• **PROBLEM REQUIREMENTS**: Copy every line of the material exactly as it stands.

• **PROVIDED DATA**:
BEGIN

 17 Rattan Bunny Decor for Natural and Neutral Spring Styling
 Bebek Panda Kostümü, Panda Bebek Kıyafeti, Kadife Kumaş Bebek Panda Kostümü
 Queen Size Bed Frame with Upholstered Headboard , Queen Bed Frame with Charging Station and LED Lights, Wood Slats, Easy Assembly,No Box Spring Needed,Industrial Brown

END

• **OUTPUT OF THE EXERCISE**:
 17 Rattan Bunny Decor for Natural and Neutral Spring Styling
 Bebek Panda Kostümü, Panda Bebek Kıyafeti, Kadife Kumaş Bebek Panda Kostümü
 Queen Size Bed Frame with Upholstered Headboard , Queen Bed Frame with Charging Station and LED Lights, Wood Slats, Easy Assembly,No Box Spring Needed,Industrial Brown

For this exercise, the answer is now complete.